The deadline for filing suits at the end of this two year period is July 1, 2009. While the incident in the cardinal’s nephew lawsuit took place in Philadelphia, the teaching order, the Oblates of Saint Francis de Sales, based in Delaware and Washington D.C. are within reach of Delaware’s Abuse law regarding the alleged Philadelphia incident.

Several things I do not like here. One, the priest is dead. Two, the priest’s name is public knowledge by a previous lawsuit. The whole story sounds more like a nuisance lawsuit traveling on the coat tails of another lawsuit.

While the Church bears a hog’s share of responsibility for the shuffling around of perverts over the decades and centuries, not every allegation of abuse is necessarily true especially if money is involved in the equation.

I had disagreed on the clause in the Ryan Report regarding abuse by the clergy in Ireland – the clause that did not name parties involved. In a way the knife cuts both ways. Is it more important at this late date to document an era of abuse or try and shame aged clerics and nuns in their nursing homes to account for what in essence was a system of abuse designed and run by both the state and the church in Ireland?

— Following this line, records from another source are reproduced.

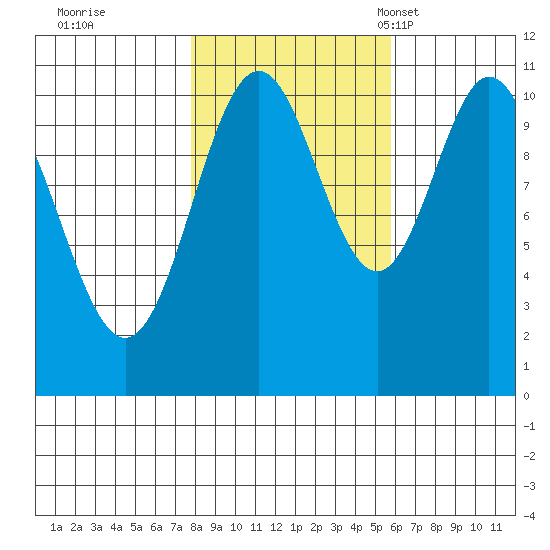 Sergius Narrows tide chart for Thursday, October 20, 2022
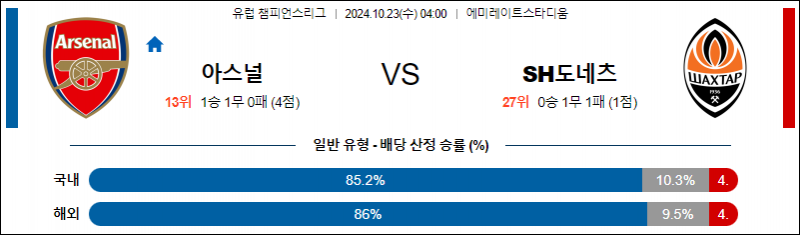 10월23일 04:00 UEFA 챔피언스리그 아스날 샤흐타르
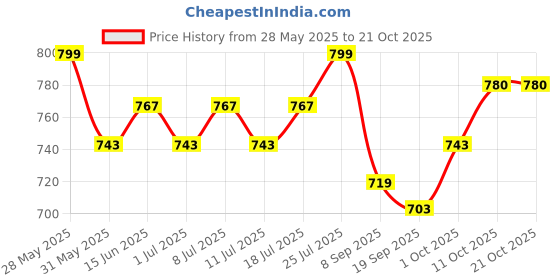 myntra.com V-Mart Women Pleated Trousers v-mart Price History Graph from 28 May 2025 to 21 Oct 2025
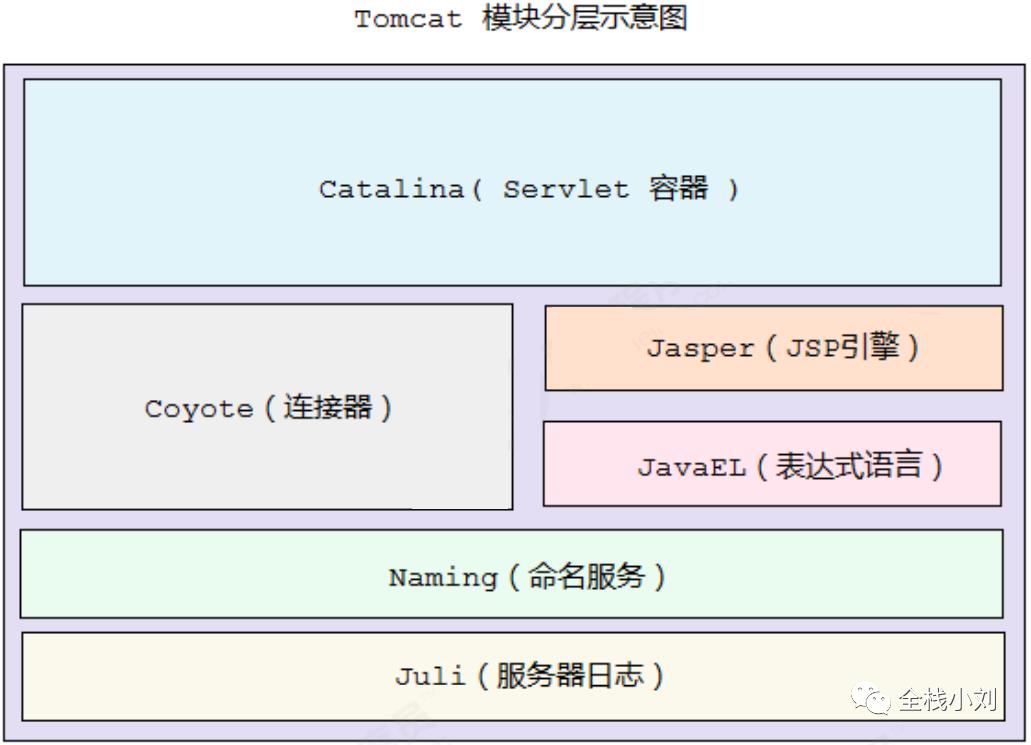 一篇学完 Tomcat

So too in America, I do not think that dead clerics being named and not being able to defend themselves is a fair balance. By all means there should be counseling, healing and compensation for real abuse. The church has got to get over this hill, learn from its mistakes, reform and move on – this in order to be a credible institution in the modern age.

There is a time and reason – a season - for everything under the sun. It is time to move on.